=== Available data ===

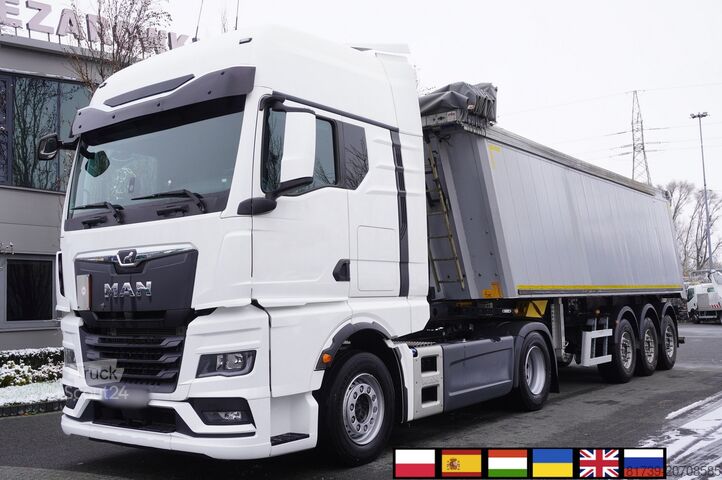 Ťahač a sklápací náves MAN TGX 18.510 4×2 tractor unit / Sleeper ca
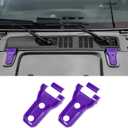 JeCar Hood Hinge Trim Covers Exterior Accessories Compatible with Jeep Wrangler 2018-2023 JL JLU & Gladiator JT, Purple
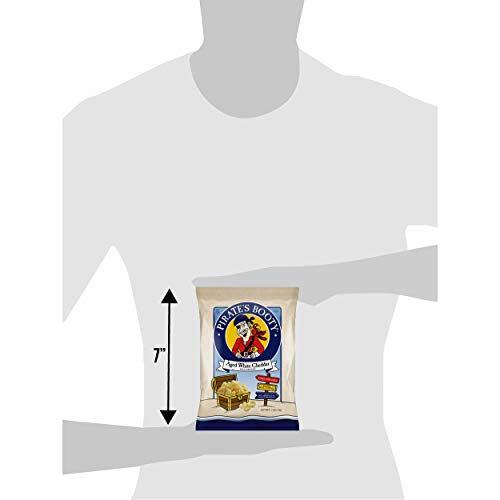 Pirate's Booty Aged White Cheddar Cheese Puffs, 24ct, 0.5oz Snack Size Bags, Gluten Free, Healthy Kids Snacks, 100 Calorie Snack Packs thumbnail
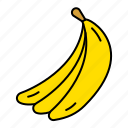 bananas, food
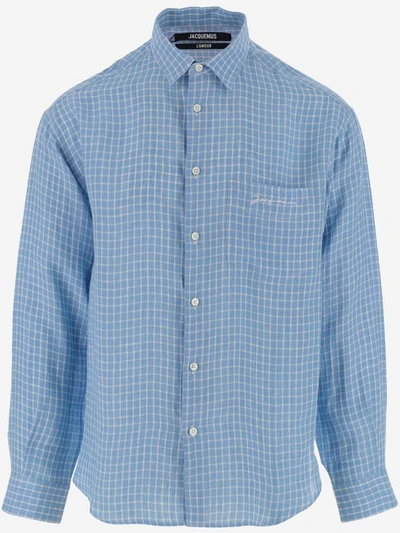 Shop Jacquemus Shirts In Blue
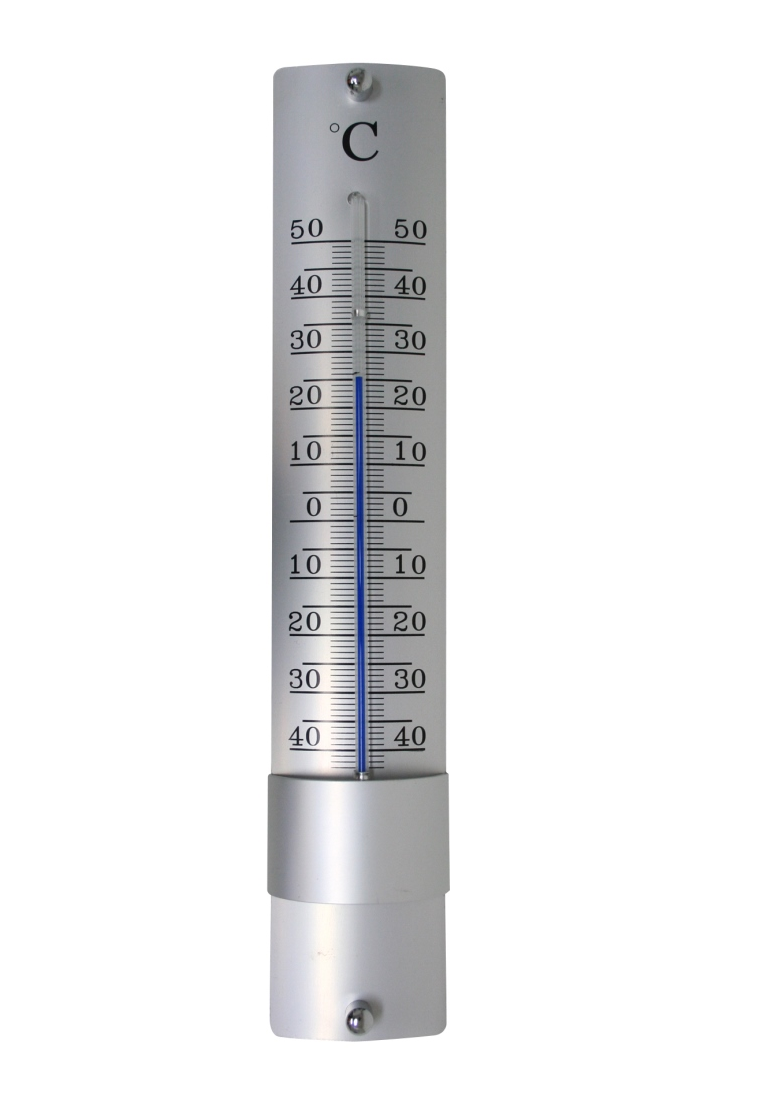 Hendrik Jan buitenthermometer aluminium 21 cm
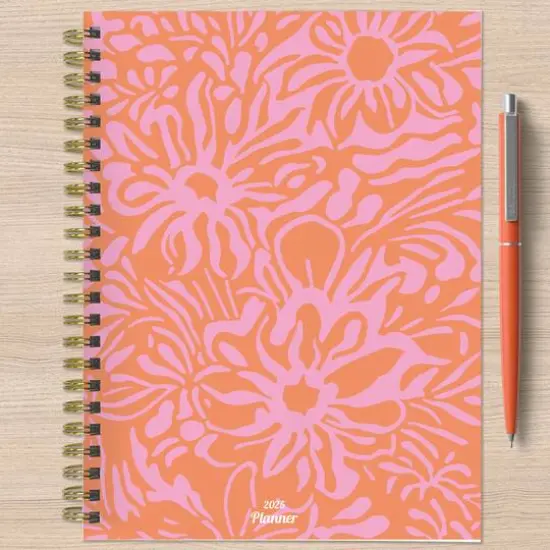 TF Publishing 2025 Medium Happy Hibiscus Weekly Monthly Spiral Planner {7}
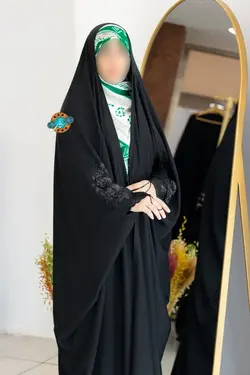 چادر جده گلدوزی مدل نفیسه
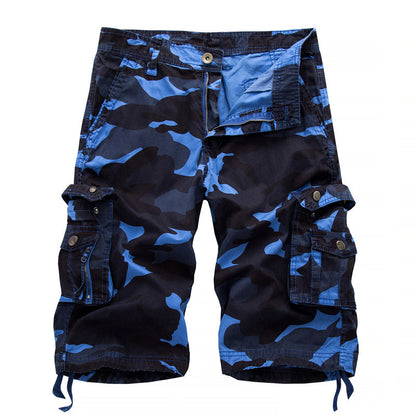 Männer Taktische Cargoshorts Mit Vielen Taschen Verstellbar
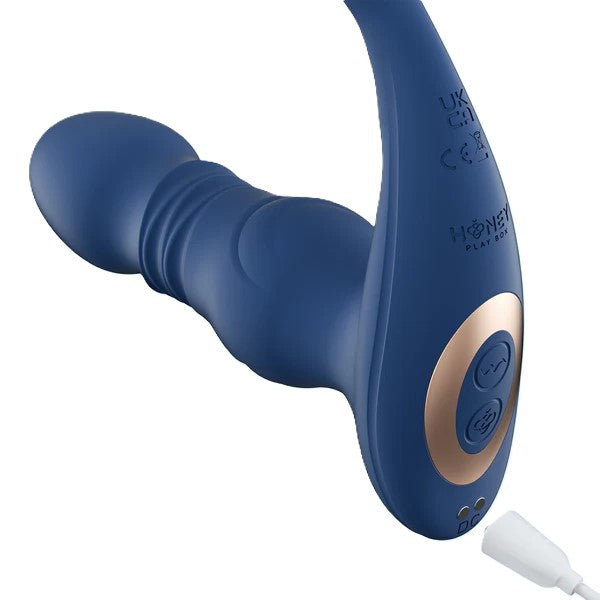 Cyrus Stimulateur de prostate avec cockring - Honey Play Box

===

Aim of the task
From the line that contains "JeCar Hood Hinge" down to the last line of the entries above, copy every line exactly and leave out the pictures.

Problem solution
 JeCar Hood Hinge Trim Covers Exterior Accessories Compatible with Jeep Wrangler 2018-2023 JL JLU & Gladiator JT, Purple
 Pirate's Booty Aged White Cheddar Cheese Puffs, 24ct, 0.5oz Snack Size Bags, Gluten Free, Healthy Kids Snacks, 100 Calorie Snack Packs thumbnail
 bananas, food
 Shop Jacquemus Shirts In Blue
 Hendrik Jan buitenthermometer aluminium 21 cm
 TF Publishing 2025 Medium Happy Hibiscus Weekly Monthly Spiral Planner {7}
 چادر جده گلدوزی مدل نفیسه
 Männer Taktische Cargoshorts Mit Vielen Taschen Verstellbar
 Cyrus Stimulateur de prostate avec cockring - Honey Play Box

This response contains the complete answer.